The back-catalogue is trawled, in anticipation of a forthcoming greatest
hits album, but surprises include an incredibly obscure, and rather
wonderful, Smiths 12” single b-side, Stretch Out And Wait, and
a defiant National Front Disco, a stomping depiction of a family losing
their son to the far right. Its uncomfortable refrain of ‘England
for the English’ reminds us, provocatively, that writing about
an unsavoury view is not the same as endorsing it. New songs - That's
How People Grow Up, Something Is Squeezing My Skull, I'm Throwing
My Arms Around Paris, and Mama Lay Softly On The Riverbed, with its
martial snare drums, - draw on glam rock power chords and skiffle
beats, familiar stylistic platforms for Morrissey’s bitterly
defeated romanticism.
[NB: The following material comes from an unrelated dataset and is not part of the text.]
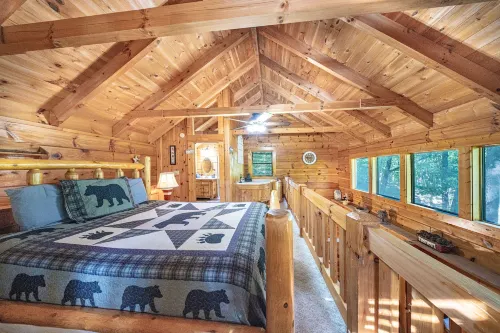 Cozy Cabin Escape 7Mins to Pigeon Forge Hot Tub - Condos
Long term lieutenant Boz Borer and the band
move into forestage phalanxes of flailing guitars that seem self-consciously
choreographed to echo classic rock iconography, and the multi-instrumentalist
Chris Pooley adds textures to the songs that sometimes seem perilously
experimental.
Morrissey works the room, at one point shamelessly crouched in a spotlight
with his back to us while Pooley extends the descending riff of an
extended fade into a cinematic moment of melodrama that still manages
to tug the heart strings, for all its forced theatricality. If Morrissey’s
self-absorbed sadness is really an act, then it’s an act that
works brilliantly. He closes, bare chested, with a knowing and valedictory
Last Of The Famous International Playboys, like a battered prize-fighter
holding aloft a hard-won trophy that he has no intention whatsoever
of surrendering.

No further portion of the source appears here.